Fighting for the Cross: Crusading to the Holy Land

November 13, 2008

In 1267, King Louis IX of France asked his old comrade and biographer John of Joinville to accompany him on another crusade to the East. More than 20 years before, Joinville had gone with Louis to Egypt, sharing with him hunger, disease, defeat and Turkish captivity as well as the spiritual exhilaration of visiting the Holy Land after their release. But while the pious king again went East, dying outside the walls of Tunis in 10, Joinville declined to take the cross a second time, pleading that he needed to stay at home to look after his dependants. Unlike the king, but in common with the vast majority of crusaders, his one great experience in the East was enough for one lifetime.

In contrast to the spate of narrative histories of the Crusades that has poured from commercial and academic publishers in the past decade, Norman Housley's new book is the first comprehensive attempt to describe this great experience as it was lived and endured by the hundreds of thousands of men and women who went to liberate or defend the Holy Land between Pope Urban II's first call to crusade in 1095 and the fall of the last Christian-held city in Palestine in 1291. He covers crusaders from the prominence of Louis and Joinville all the way down to anonymous non-combatants.

Individual experience is approached on two levels.
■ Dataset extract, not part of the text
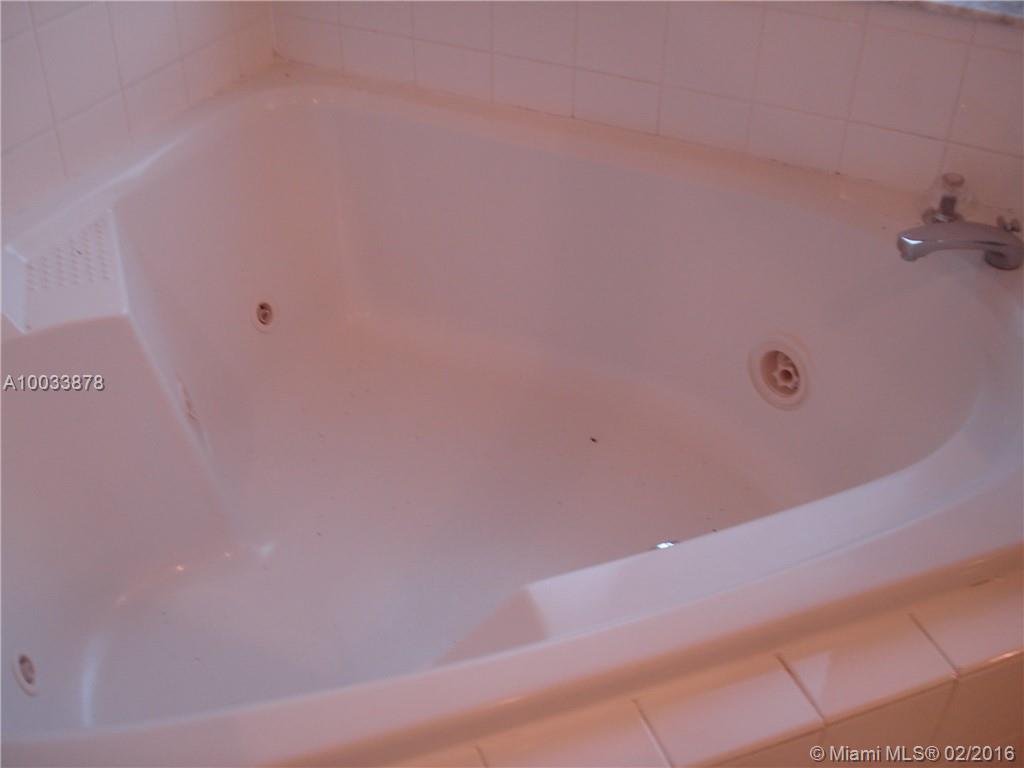 Oak Creek South - Residential Lease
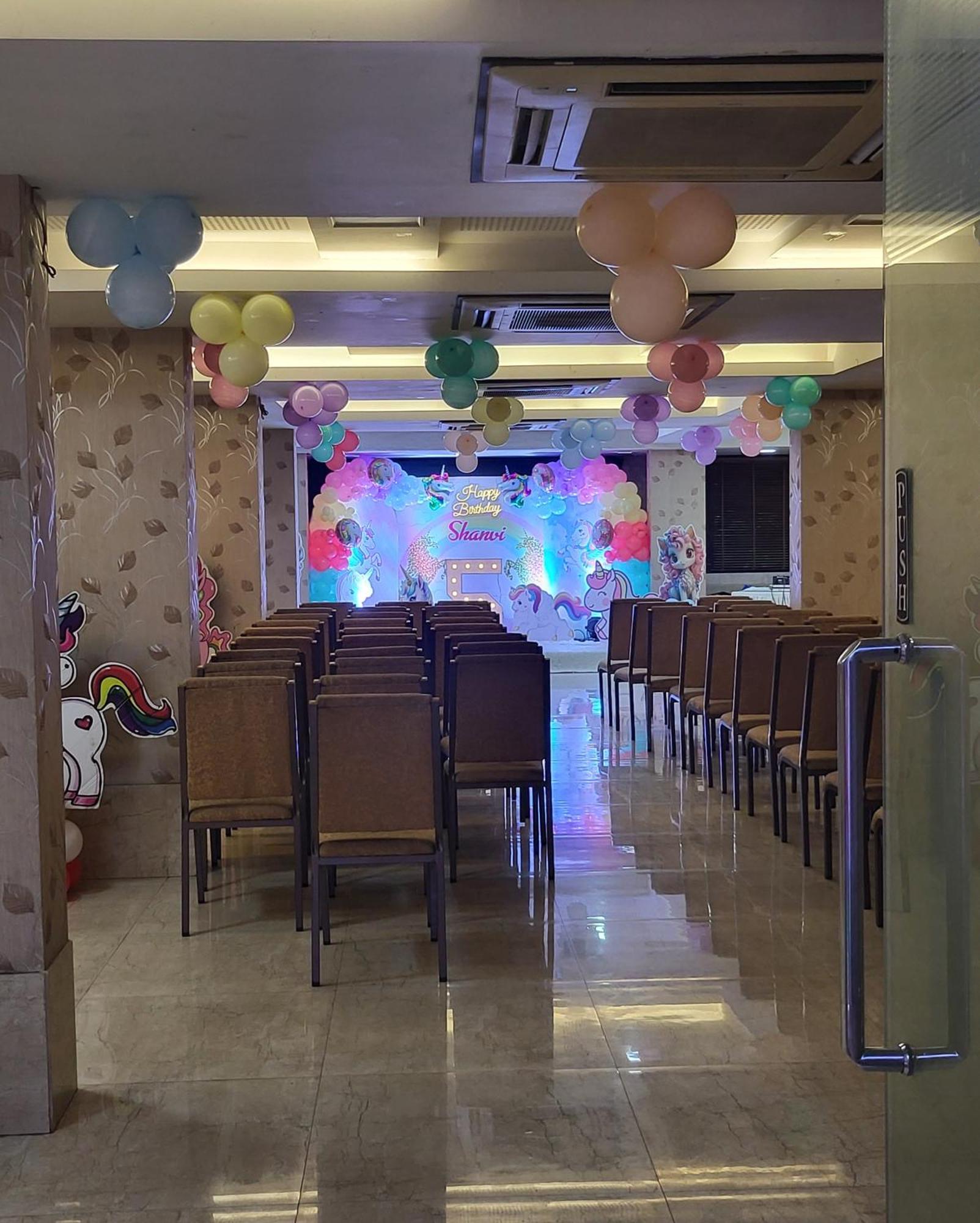 Hotel Maharana Inn Chembur Mumbai Exteriör bild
First, there are the practical and pragmatic aspects: the ceremonies of making a crusade vow and taking the cross, the raising of finance, the arduous and hazardous journey to the East by land or sea, the constant problems of food supply, and the realities of armed confrontation with the Muslim enemies. One is repeatedly amazed at how armies were able to reach the Holy Land without any central organisation, finance or provisioning, while the most stringently organised expedition of all, the crusade of Emperor Frederick Barbarossa, simply fell apart after his accidental death in 1190.

Yet even more illuminating is Housley's exposition of the mentalities of crusading, which takes in a whole range of factors such as competing religious and secular motivations and expectations of behaviour, the fascination for and inspiration given by relics, and the confrontation of Westerners with the Saracen enemy and the great cities and civilisations of Byzantium and the East. Housley also explores two still little-studied issues: the question of what conditions were necessary for a crusade vow to be regarded as fulfilled, and the ways in which memories of crusading were carried forward and modified by later generations.

Housley is keen to allow the sources to "speak for themselves", and he offers a vast range of testimony from eyewitnesses. Some, like Joinville, had access to the councils of the great and good, but others offer their own varied perspectives: the scholarly monk Guibert of Nogent, scornful of simple crusaders and rival writers, or the obtuse French knight Robert of Clari, who did not fully comprehend how the Fourth Crusade came to be diverted to Constantinople, but had a good appreciation of the amount of booty it captured; however, we hear too little from the Muslim writers who might have given a truly 360-degree perspective.

The arguments and conclusions presented here are well founded on the latest scholarly research and clearly documented in the endnotes. It is frustrating, however, that the table of contents does not list the many specific subsections, which are the real key to using the book, alongside the rather opaque chapter titles, for this rich tapestry of crusading experience offers dozens of starting points for further detailed investigation, while also constituting an innovative and informative exposition of crusading in its own right.

Fighting for the Cross: Crusading to the Holy Land

By Norman Housley. Yale University Press, 357pp, £25.00. ISBN 9780300118889. Published 26 August 2008.